Contest starts in under three hours.
Nice contest!
There's no editorial yet, how to solve D?
Observe that if the first character of S is A then it becomes B, otherwise everything flip, and we delete the first element, and add a 'A' at the end.
Convince yourself that the sequence becomes more or less static very fast.
Uploaded.
where is the editorial uploaded? can you share the link please?
Edit: Found the editorial
Gonna like atcoder's contests. The problems were non-obvious(at least C and D, didn't read E and F), it was hard for me to find the solution instantly.
B reminds Fish from IOI'08 a bit
Can someone please explain how to do C ??? The editorial is may be according to me a bit complex ....
The point is that the contribution of each and every two connected component differs by whether it is a bipartite graph. Leave the single point alone, in a single connected component, you can color the graph with black & white (two side of each edge have different colors). If possible, pair (black, white) will attach to a (white, black) with an edge, and it cannot connect with point like pair (white, white) and (black, black).
Likewise, you can use similar way to calculate the contribution of two distinct connected components.
What was the intended difficulty of the problems in terms of top coder point values?
2X points at Atcoder = X points at Topcoder Div1
Thanks, I thought so. However I wondered if D was really 450 on tc.
Seams that E is easier than D and F. 500 points F suddenly got to be almost the whole solution. :(
I think if you get (or somehow already know) the reunity number fact it's much easier to proceed, but without that D is definitely easier than E.
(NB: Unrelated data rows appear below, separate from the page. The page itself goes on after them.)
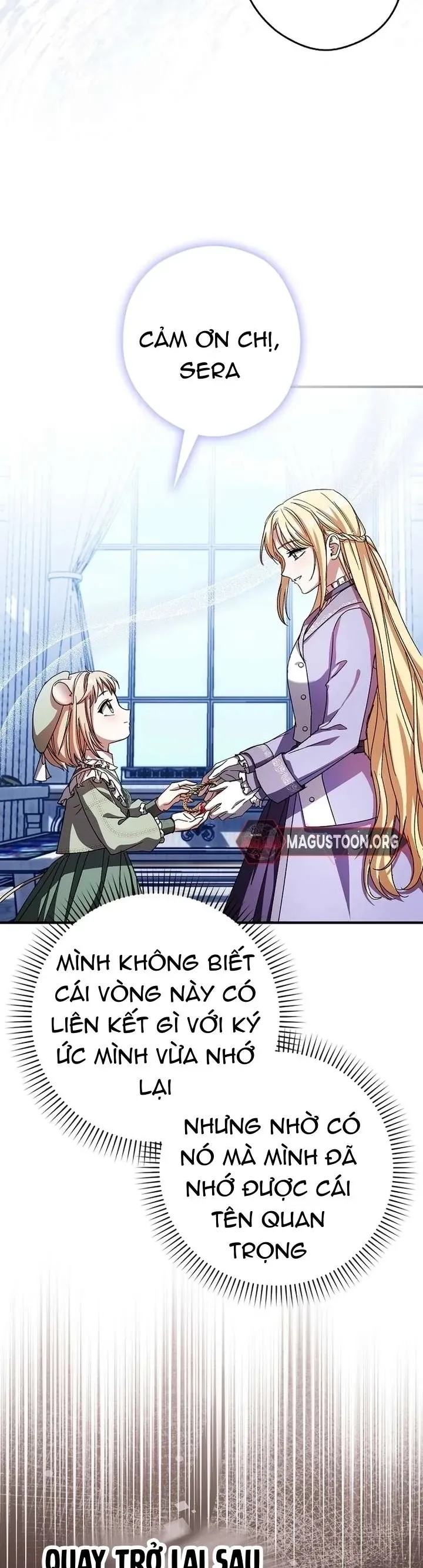 Chuột Đồng Này Sẽ Đưa Lọ Lem Đi - Chương 22 - Trang 20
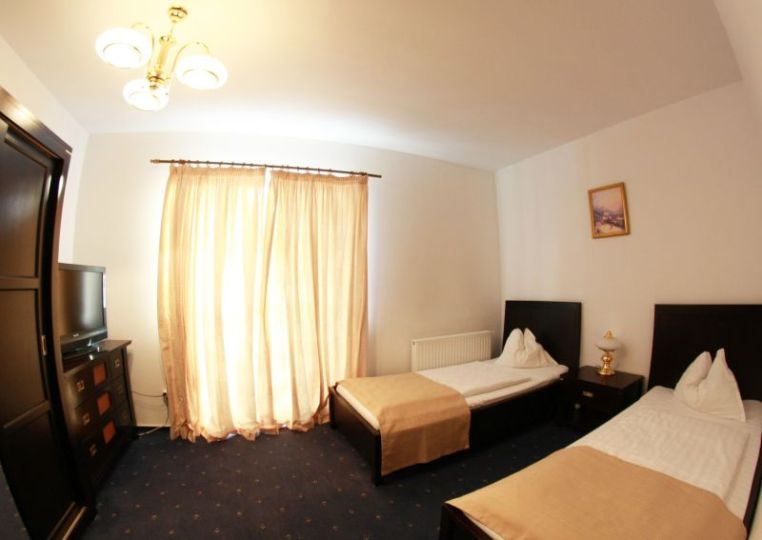 Monterai Resort, Poiana Brasov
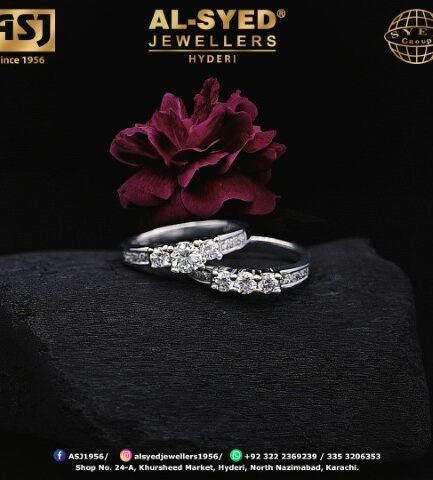 Ring Design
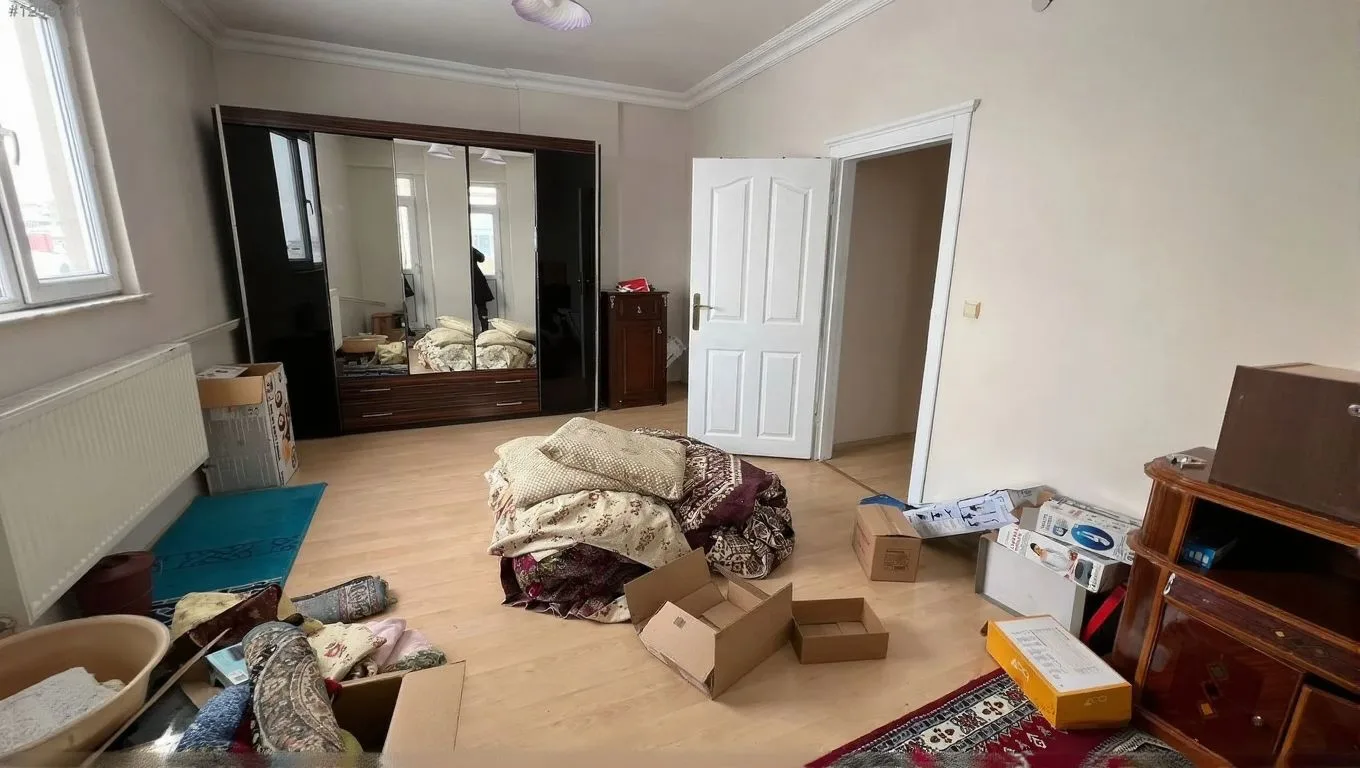 150M² ERZURUM SATILIK 3+1 DAİRE YAKUTIYE ASANSÖRLÜ - Fotoğraf 9
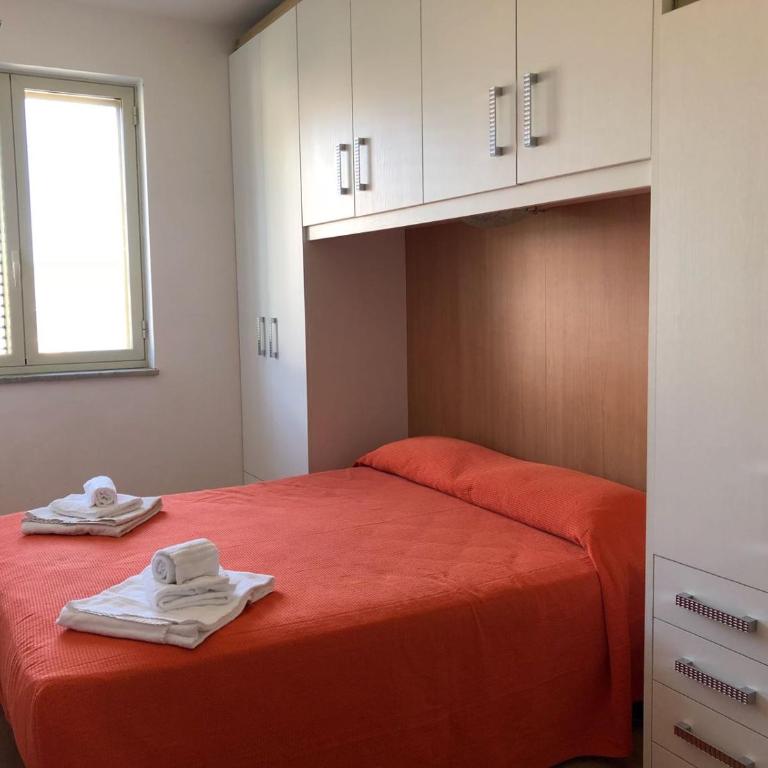 Central Panoramic - Appartamento con Vista Mare - 24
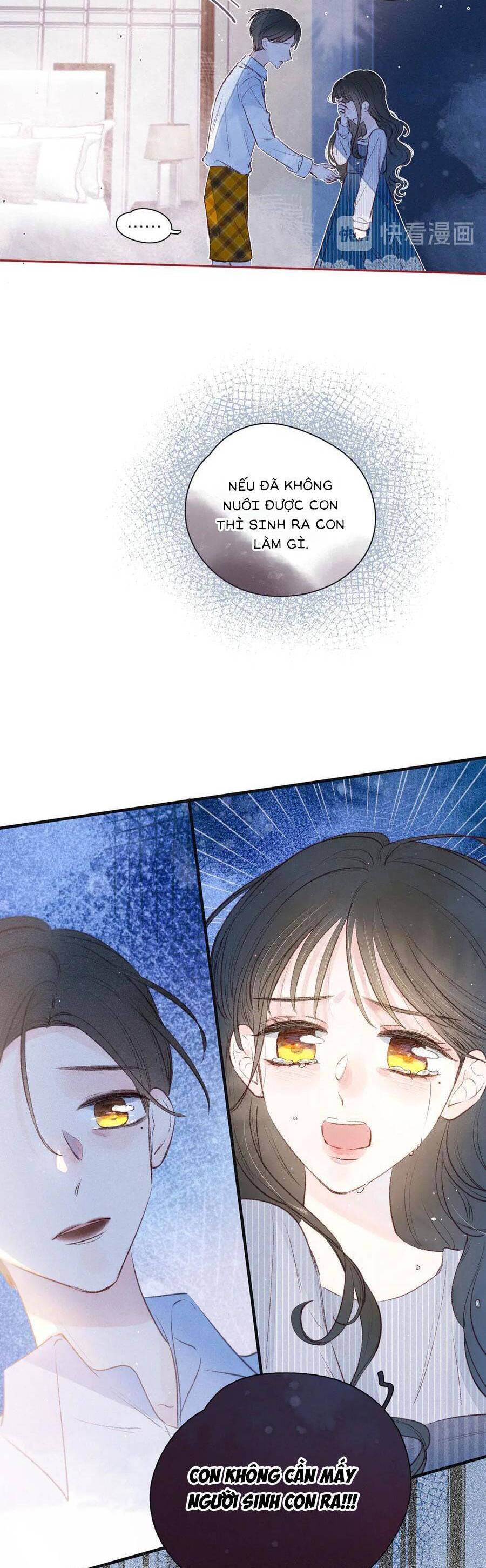 Vũ Xuyên Vật Ngữ Chapter 11 - Trang 2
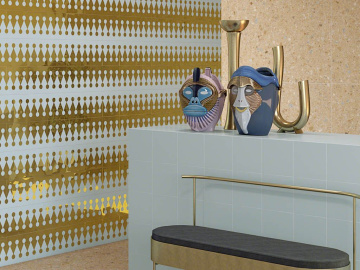 Плитка FILIPPO SOUL (Vives Ceramica) в Москве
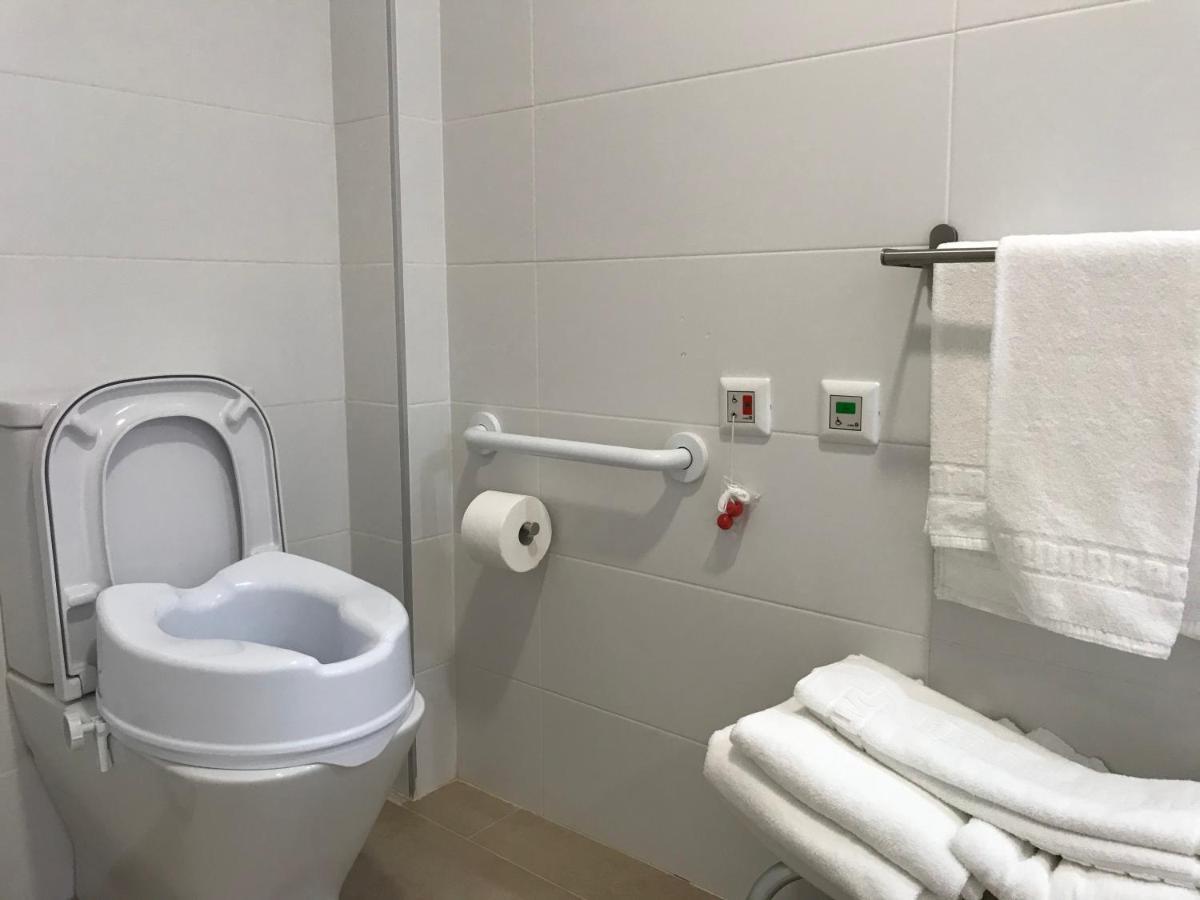 Bet Apartments - Reig Valensiya Dış mekan fotoğraf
could you please tell me what is the fact?!
Yes, I agree that F's partial score is much harder than 500 points, but it's somewhat difficult to give partial points. For example, if we give 1200 points for it, the difference between the full score and the partial score is also much bigger than 500 points.
In E, Increasing Numbers, we need to check if r_1,r_2,...r_9k exist. We check it by checking if sum of digits of decimal representation of 9N+9k is "at most" 9k. But how does it guarantee it can be written in exactly 9k powers of 10?
For example: 1 can only be written in just 1 power of 10 i.e. 0 but not 9 powers of 10.
If you can represent n as sum of k powers of 10 then you can do it also using k+9 powers of 10 (if that's not greater than n). Moreover 9n+9k is divisible by 9, so its sum of digits is also divisible by 9.
The editorial for C says "there is an edge between (a, b) and (a', b') iff there exists a path of length l between a and a' and a pathbof length l between b and b'". Isn't it supposed to be path between (a, b) and (a', b')?